From Vietnam Marine to Washington Correspondent: No Cubical Commandos Wanted

By Robbin Laird and Ed Timperlake

Ed arranged a chance for us to talk with a very interesting man who has clearly made a major contribution to his country through an unusual path. He served as a Marine Corps “grunt” in Vietnam, and because he is a skilled writer, he was hired by the Chicago Tribune to become its defense correspondent based in Washington.

We now live in the age of the army of “cubical commandos” as Ed has called them, namely analysts with no combat experience who comment regularly on things like the war in the Ukraine.

In contrast, David Evans was steeled in combat prior to becoming a journalist. And his track record while at the Chicago Tribune indicated that he was not going to take the news coming from official sources in Washington as served up. He saw too many fellow soldiers in Vietnam fight a very different war than portrayed by the official news machine operating during the war.

He continues to be very active and in recent years has worked extensively on aviation safety and has focused on the gap between the FAA and its ability to deliver the kind of aviation safety the American public deserves.

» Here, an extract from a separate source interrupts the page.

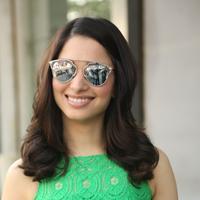Tamanna New Gallery | Picture 1253213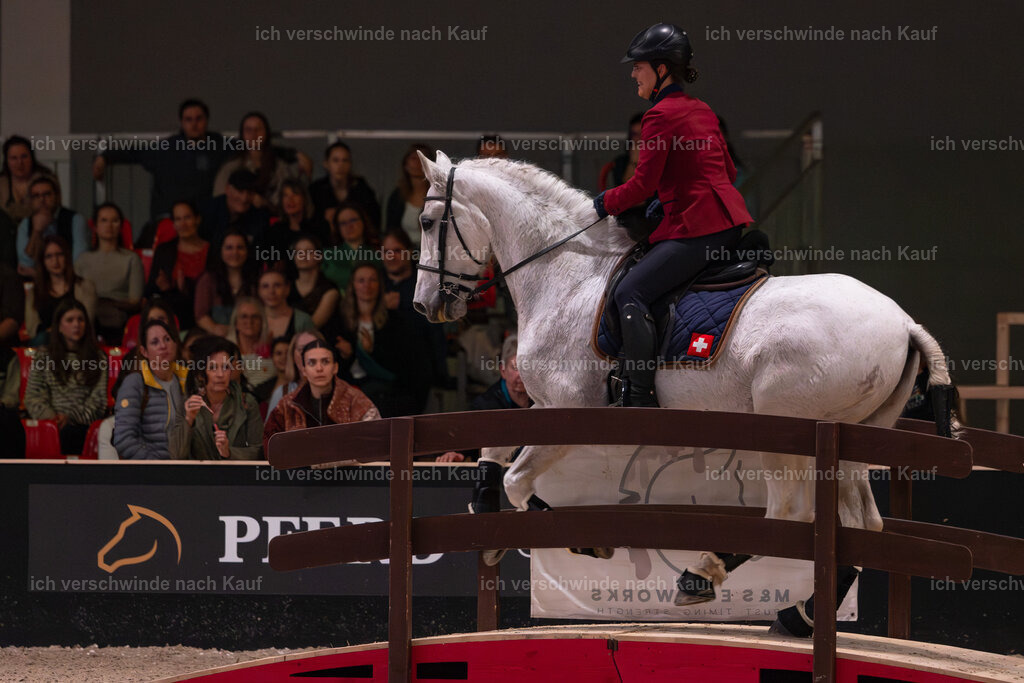 JoseraCup-197 | working equitationturnier fotograf videograf stoibphotography marixx film working equitation deutschland reitsport turnierfotografie eventfotografie equestrian events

The latest news associated with the disaggregating Boeing plane in flight is simply a visible example of the problem.

We have included his resume at the end which underscores his extraordinary career.

We started first by focusing on Vietnam. Throughout our discussion, we focused on a problem which plagues the U.S. to this day, namely, the gap between facts on the ground and the narrative crafted inside the Beltway.

Evans went to Vietnam in 1966 serving as a USMC artillery officer. Ed as a former USMC F-4 pilot who went to South East Asia later was interested on whether Evans experienced integrated fire support.

According to Evans: “We were too far forward to benefit from air-ground coordination which was being worked back at the fire support coordination center. I saw little of that activity show up until the battle had been decided. My experience was that the planes would arrive after we had a sigh of relief that we had survived an ambush by the North Vietnamese or whatever threat we were facing.”

The deadliness of the war was clearly underscored by Evans with this comment. “I was the only officer commissioned at the University of Illinois in 1966 that came out alive.”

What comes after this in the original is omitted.